Azerbaijan’s President Ilham Aliyev said it’s important for oil- and natural gas-exporting nations to host global climate talks, particularly as they are also seeking to develop clean-energy sources.
One of the birth places of the oil industry, Azerbaijan was chosen to host COP29 this year. The Caspian Sea nation is the third oil and gas exporter in a row to host the talks after the United Arab Emirates last year and Egypt in 2022. COP28 in Dubai attracted criticism for involving the oil and gas industry more than any other incarnation of the annual climate talks, but it also negotiated the first agreement to call for a transition away from all fossil fuels.
“I think it’d be more important to hold such events in countries that produce oil and gas and which have a history of oil and gas,” Aliyev said in comments on his website. Azerbaijan, like the UAE, can live without clean energy but is investing in renewables to “contribute to our common cause,” he said.
The Azeri leader last week appointed his Ecology Minister Mukhtar Babayev as COP29 president-designate, drawing criticism as Babayev previously served in the state oil and gas company Socar. Aliyev rejected the criticism as a “dirty campaign” against his government, saying Babayev was in charge of environmental issues at Socar.
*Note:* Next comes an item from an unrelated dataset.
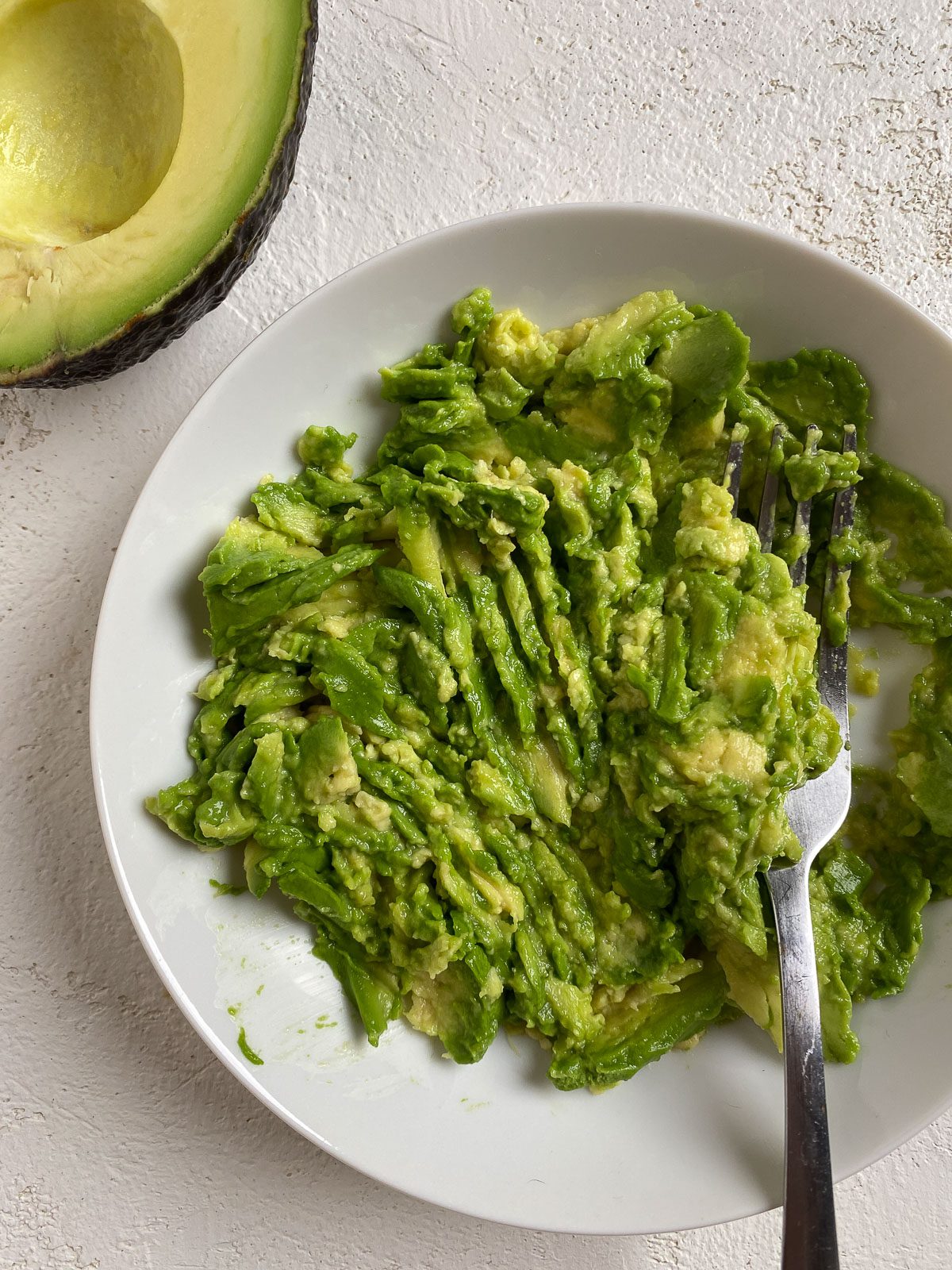 process shot of smashed avocado on a white plate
The UAE’s appointment of Sultan Al Jaber as COP28 president also triggered widespread criticism as he remained chief executive officer of Abu Dhabi National Oil Co.
Azerbaijan is the largest oil producer in the former Soviet Union after Russia and Kazakhstan and has also emerged as a natural gas exporter to Europe since 2020. The country shipped almost 12 billion cubic meters of gas to Europe last year and plans to increase the exports to 20 billion cubic meters by 2027.